| Exercise aim |
Please print all of the entries, matching them exactly.

| Dataset excerpts |

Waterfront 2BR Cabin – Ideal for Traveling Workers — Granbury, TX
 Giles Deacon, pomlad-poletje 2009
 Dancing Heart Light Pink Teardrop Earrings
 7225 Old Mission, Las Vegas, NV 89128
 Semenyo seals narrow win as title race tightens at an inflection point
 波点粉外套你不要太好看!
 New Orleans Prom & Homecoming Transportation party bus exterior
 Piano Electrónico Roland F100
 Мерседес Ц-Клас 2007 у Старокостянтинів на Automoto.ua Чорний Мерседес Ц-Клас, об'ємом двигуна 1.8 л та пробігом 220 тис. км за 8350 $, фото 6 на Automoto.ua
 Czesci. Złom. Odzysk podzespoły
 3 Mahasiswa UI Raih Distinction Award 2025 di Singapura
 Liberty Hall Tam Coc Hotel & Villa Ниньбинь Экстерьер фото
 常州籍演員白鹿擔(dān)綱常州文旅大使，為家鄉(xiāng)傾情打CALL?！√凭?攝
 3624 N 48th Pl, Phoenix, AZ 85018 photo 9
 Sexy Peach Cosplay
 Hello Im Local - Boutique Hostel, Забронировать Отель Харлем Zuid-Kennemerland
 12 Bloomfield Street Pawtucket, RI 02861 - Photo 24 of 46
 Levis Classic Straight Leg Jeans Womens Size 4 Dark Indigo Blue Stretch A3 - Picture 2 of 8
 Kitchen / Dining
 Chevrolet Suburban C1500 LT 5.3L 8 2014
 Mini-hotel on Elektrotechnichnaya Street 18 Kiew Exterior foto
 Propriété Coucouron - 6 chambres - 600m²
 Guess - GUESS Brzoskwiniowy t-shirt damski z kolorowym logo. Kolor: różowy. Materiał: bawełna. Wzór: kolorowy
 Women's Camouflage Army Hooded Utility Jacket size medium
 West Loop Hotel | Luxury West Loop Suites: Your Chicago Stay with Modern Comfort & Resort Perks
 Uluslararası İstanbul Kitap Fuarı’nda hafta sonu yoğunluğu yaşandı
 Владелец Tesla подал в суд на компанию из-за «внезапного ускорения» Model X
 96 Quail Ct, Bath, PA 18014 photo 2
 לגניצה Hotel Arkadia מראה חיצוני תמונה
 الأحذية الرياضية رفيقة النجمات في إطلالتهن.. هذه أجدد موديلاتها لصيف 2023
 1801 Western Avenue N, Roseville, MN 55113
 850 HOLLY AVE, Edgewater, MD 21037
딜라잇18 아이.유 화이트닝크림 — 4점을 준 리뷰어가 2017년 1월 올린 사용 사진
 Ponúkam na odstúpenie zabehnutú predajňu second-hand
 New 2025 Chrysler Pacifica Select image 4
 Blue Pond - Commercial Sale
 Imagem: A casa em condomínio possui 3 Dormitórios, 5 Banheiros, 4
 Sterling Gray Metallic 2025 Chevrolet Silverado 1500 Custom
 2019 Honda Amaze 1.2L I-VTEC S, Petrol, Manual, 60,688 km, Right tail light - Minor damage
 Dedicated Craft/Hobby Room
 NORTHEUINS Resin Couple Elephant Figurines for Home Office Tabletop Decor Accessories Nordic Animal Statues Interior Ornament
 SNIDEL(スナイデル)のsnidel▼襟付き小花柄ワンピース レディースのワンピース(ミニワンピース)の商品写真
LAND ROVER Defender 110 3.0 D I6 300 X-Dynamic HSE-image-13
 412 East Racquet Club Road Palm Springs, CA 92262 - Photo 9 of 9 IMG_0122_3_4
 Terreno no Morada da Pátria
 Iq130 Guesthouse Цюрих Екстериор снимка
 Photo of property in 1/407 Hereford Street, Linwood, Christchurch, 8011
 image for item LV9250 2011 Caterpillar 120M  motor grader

| Answer to the exercise |
Waterfront 2BR Cabin – Ideal for Traveling Workers — Granbury, TX
 Giles Deacon, pomlad-poletje 2009
 Dancing Heart Light Pink Teardrop Earrings
 7225 Old Mission, Las Vegas, NV 89128
 Semenyo seals narrow win as title race tightens at an inflection point
 波点粉外套你不要太好看!
 New Orleans Prom & Homecoming Transportation party bus exterior
 Piano Electrónico Roland F100
 Мерседес Ц-Клас 2007 у Старокостянтинів на Automoto.ua Чорний Мерседес Ц-Клас, об'ємом двигуна 1.8 л та пробігом 220 тис. км за 8350 $, фото 6 на Automoto.ua
 Czesci. Złom. Odzysk podzespoły
 3 Mahasiswa UI Raih Distinction Award 2025 di Singapura
 Liberty Hall Tam Coc Hotel & Villa Ниньбинь Экстерьер фото
 常州籍演員白鹿擔(dān)綱常州文旅大使，為家鄉(xiāng)傾情打CALL?！√凭?攝
 3624 N 48th Pl, Phoenix, AZ 85018 photo 9
 Sexy Peach Cosplay
 Hello Im Local - Boutique Hostel, Забронировать Отель Харлем Zuid-Kennemerland
 12 Bloomfield Street Pawtucket, RI 02861 - Photo 24 of 46
 Levis Classic Straight Leg Jeans Womens Size 4 Dark Indigo Blue Stretch A3 - Picture 2 of 8
 Kitchen / Dining
 Chevrolet Suburban C1500 LT 5.3L 8 2014
 Mini-hotel on Elektrotechnichnaya Street 18 Kiew Exterior foto
 Propriété Coucouron - 6 chambres - 600m²
 Guess - GUESS Brzoskwiniowy t-shirt damski z kolorowym logo. Kolor: różowy. Materiał: bawełna. Wzór: kolorowy
 Women's Camouflage Army Hooded Utility Jacket size medium
 West Loop Hotel | Luxury West Loop Suites: Your Chicago Stay with Modern Comfort & Resort Perks
 Uluslararası İstanbul Kitap Fuarı’nda hafta sonu yoğunluğu yaşandı
 Владелец Tesla подал в суд на компанию из-за «внезапного ускорения» Model X
 96 Quail Ct, Bath, PA 18014 photo 2
 לגניצה Hotel Arkadia מראה חיצוני תמונה
 الأحذية الرياضية رفيقة النجمات في إطلالتهن.. هذه أجدد موديلاتها لصيف 2023
 1801 Western Avenue N, Roseville, MN 55113
 850 HOLLY AVE, Edgewater, MD 21037
딜라잇18 아이.유 화이트닝크림 — 4점을 준 리뷰어가 2017년 1월 올린 사용 사진
 Ponúkam na odstúpenie zabehnutú predajňu second-hand
 New 2025 Chrysler Pacifica Select image 4
 Blue Pond - Commercial Sale
 Imagem: A casa em condomínio possui 3 Dormitórios, 5 Banheiros, 4
 Sterling Gray Metallic 2025 Chevrolet Silverado 1500 Custom
 2019 Honda Amaze 1.2L I-VTEC S, Petrol, Manual, 60,688 km, Right tail light - Minor damage
 Dedicated Craft/Hobby Room
 NORTHEUINS Resin Couple Elephant Figurines for Home Office Tabletop Decor Accessories Nordic Animal Statues Interior Ornament
 SNIDEL(スナイデル)のsnidel▼襟付き小花柄ワンピース レディースのワンピース(ミニワンピース)の商品写真
LAND ROVER Defender 110 3.0 D I6 300 X-Dynamic HSE-image-13
 412 East Racquet Club Road Palm Springs, CA 92262 - Photo 9 of 9 IMG_0122_3_4
 Terreno no Morada da Pátria
 Iq130 Guesthouse Цюрих Екстериор снимка
 Photo of property in 1/407 Hereford Street, Linwood, Christchurch, 8011
 image for item LV9250 2011 Caterpillar 120M  motor grader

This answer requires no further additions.